6Até agora —recorda o Editor— o códice 8920 vinha sendo explorado de modo fragmentário, por historiadores que o usaram como fonte documental ou por bibliófilos e estudiosos da Literatura, que nele acharam uma mina poética. Sem dúvida, apreciar a totalidade, perscrutá-la, permite encontrar alguns fios de Ariadne e compreender que, mais do que uma soma de avulsos, a colecção tem um funcionamento complexo e reclama uma hermenêutica: a dispositio e a memória falam, definindo um horizonte e guias de orientação. No entanto, ao privilegiar «um retrato das circunstâncias políticas vigentes em Portugal durante os anos de governo efetivo de D. Sebastião» (p. 14), não se estará a dizer tudo. É que, com sua inegável dimensão política, a Miscelânea constitui igualmente um estupendo testemunho da sensibilidade cultural, poética e espiritual de meados do século xvi.

7Segundo José Miguel Martínez, da poesia coligida no códice 8920 estão arredados alguns dos grandes poetas da época. Com efeito, não há espaço amplo para Camões, mas repare-se no relevo concedido a D. Manuel de Portugal e a Jerónimo Corte-Real. Não surpreenderia que uma lógica nobiliárquica pesasse nesta opção. Seja como for, muitos textos estimados na aristocrática casa dos Silva —textos em prosa ou em verso— têm, com os de Luís Vaz e com os dos seus coevos, estreitas afinidades. Percorra-se o «Trelado dũa carta que um religioso escreveu aos do conselho, governando a rainha, nossa senhora», radicado no ciceroniano Sonho de Cipião que subjaz às derradeiras estrofes do canto VI d’Os Lusíadas. Mais, o obsidiante desengano, lapidarmente contido numa citação de Píndaro (a «mísera vida» é «sonho de sombra», p. 515); o escândalo e a «tristeza» perante o desconcerto; a denúncia da hipocrisia, indício de pessimismo antropológico; a aguda consciência do tempo e da fragilidade do «vermisculosinho da terra» (p. 190); o memento mori (porquê tantos epitáfios e letreiros?); o zelo em guardar meditações como a «Protestação do infante D. Luís que se achou escrita por seu falecimento» ou o «Colóquio de Fernão Cardoso que se achou de sua letra quando morreu e dizia que o fizera pera si», espelhos de uma inquietude que lavrou no quadro da Reforma ou da Contra-Reforma (o que é a graça e a predestinação?); o resignado encarecimento da aurea mediocritas como «negra liberdade» (p. 448), convergem na manifestação de uma mundividência maneirista. Não podiam ser mais eloquentes nem mais consistentes as escolhas que a Miscelânea patenteia.

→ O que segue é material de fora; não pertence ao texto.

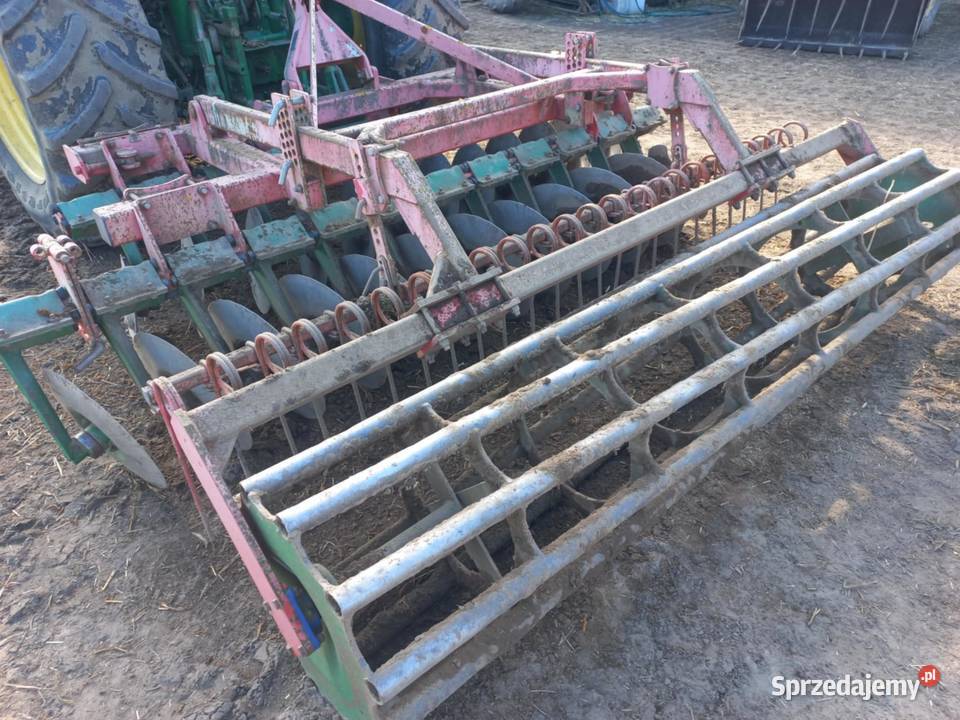 Brona talerzowa Babimost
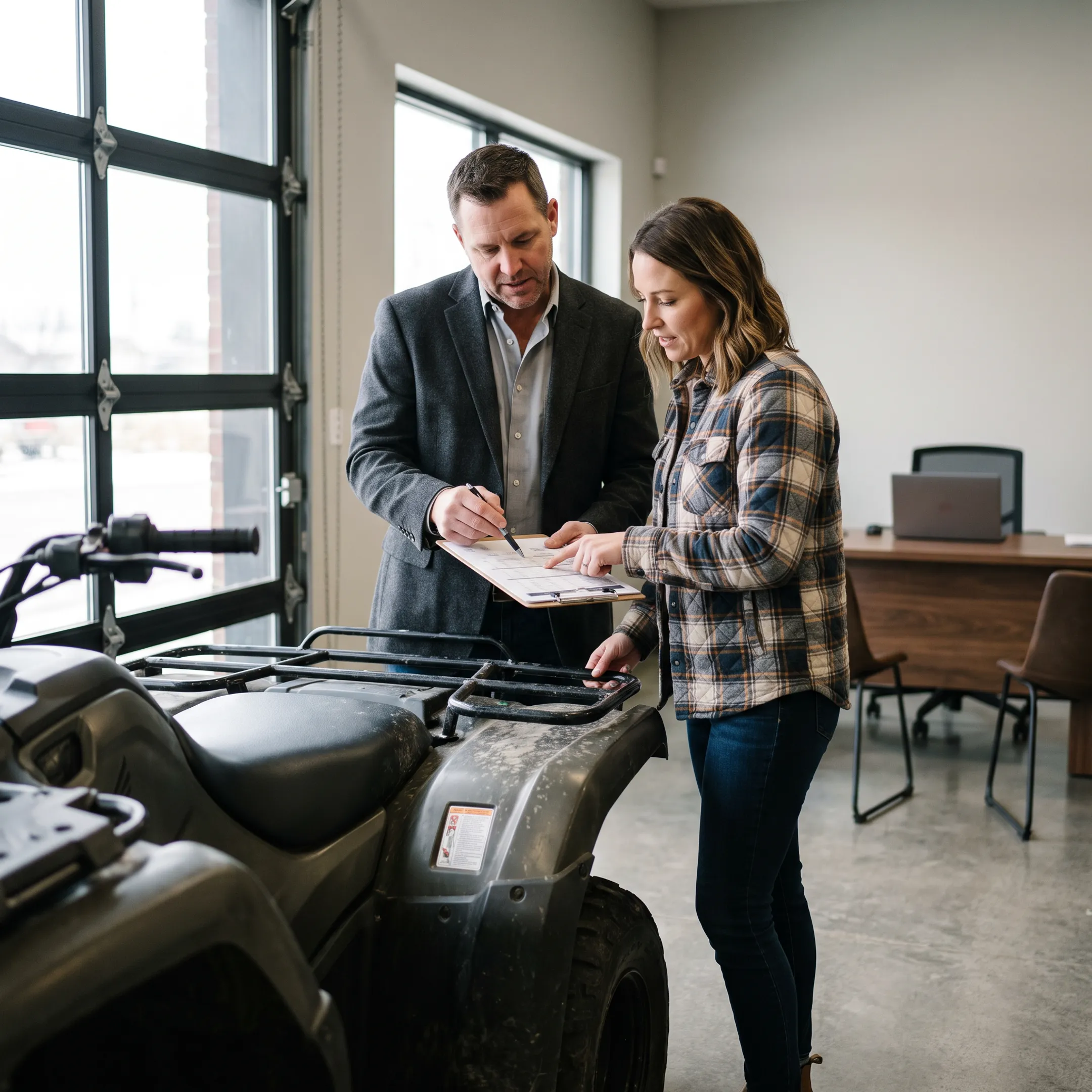 ATV Insurance Quotes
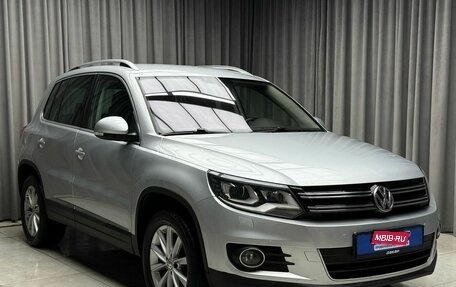 Volkswagen Tiguan I, 2011 год, 1 699 000 рублей, 1 фотография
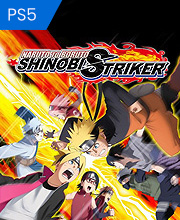 Naruto to Boruto Shinobi Striker Playstation 5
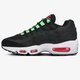Női sportcipők NIKE AIR MAX 95 SE cv9030-001 szín: fekete
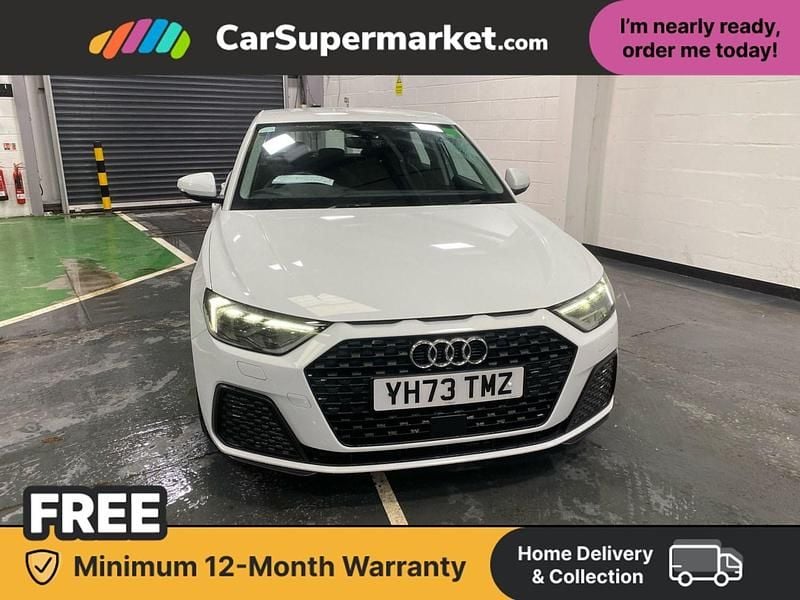 Used Audi A1 2023 White SUV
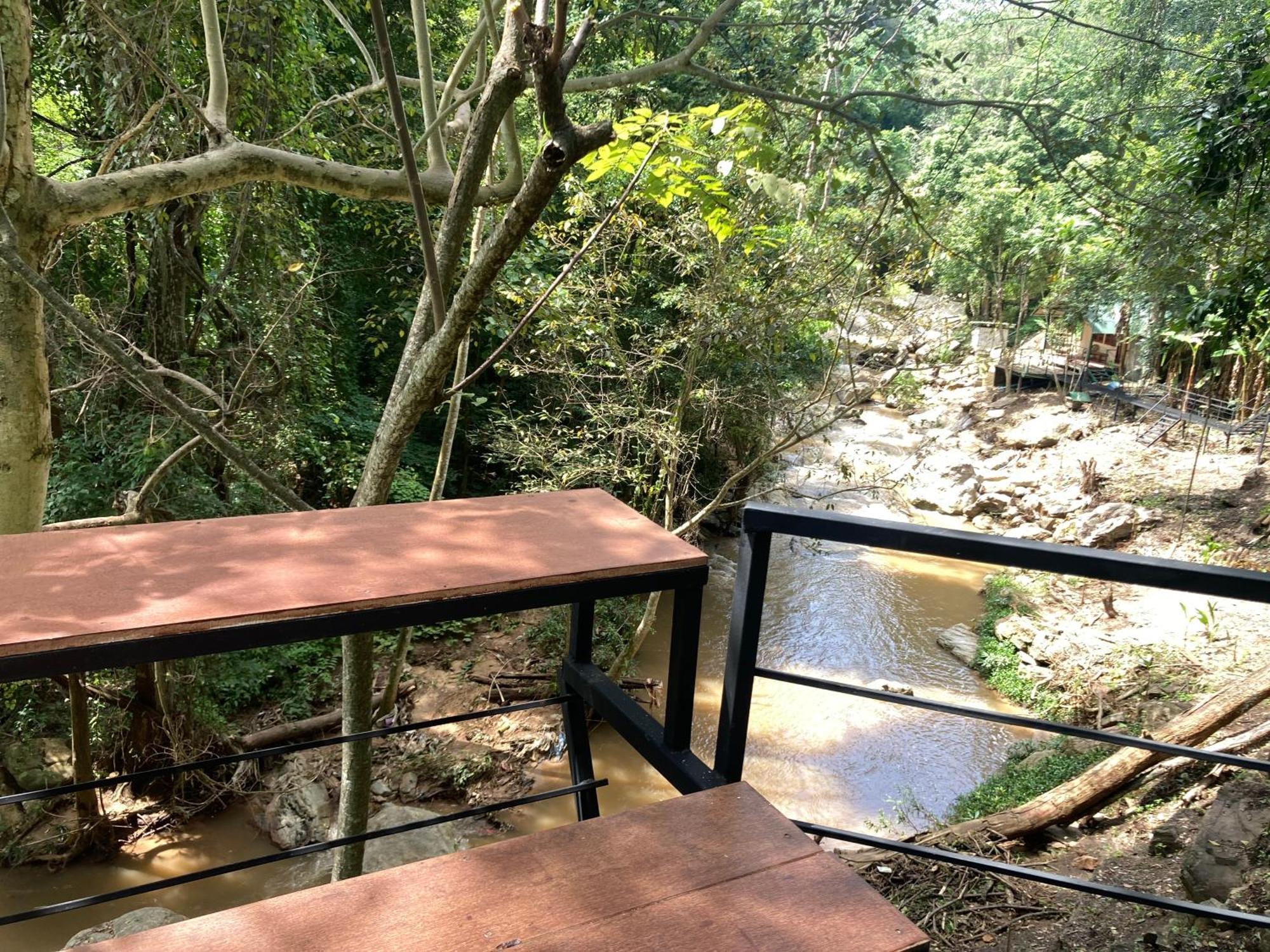 湄林梅萨绿化山【Sha认证】住宿加早餐旅馆 外观 照片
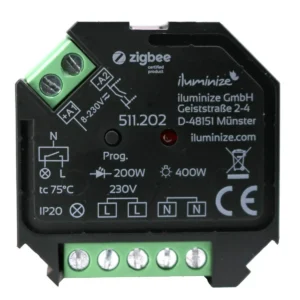 Iluminize High Voltage 230V Relay Module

8Empresa tão longa e árdua (quantos passos não custou a erudição filológica das notas? Quanta reflexão não foi necessária para gizar um rumo neste labirinto?) nunca está isenta de falhas. Teria valido a pena procurar um maior equilíbrio entre o que se promete nas «Normas de edição» (pp. 38-40) e o que se pratica de facto. Não se percebe porque é que, se «o critério geral consiste em modernizar a ortografia sempre que a original não seja reflexo da pronúncia antiga» (p. 37), se escreve «hora fizestes conde» (p. 458, por «ora»), «ouve por bem» (p. 617, por «houve por bem»), «omzeneiro» (p. 611, por «onzeneiro»); «pumares» (p. 476, por «pomares»), «dir-me-há» (p. 535) ou «contentar-se-há» (p. 540) por «dir-me-á» ou «contentar-se-á»; «achasse por conta» (p. 602, por «acha-se»); «seguir-mos» (p. 616, em vez de «seguirmos»); «põem-se tudo em direito» (p. 453, em lugar de «põe-se»). Seguindo a mesma regra, manter-se-ia não ditongada a 3ª pessoa do plural do presente do indicativo dos verbos ver ou vir: «vem», que flagrantemente rima com «bem» (p. 452).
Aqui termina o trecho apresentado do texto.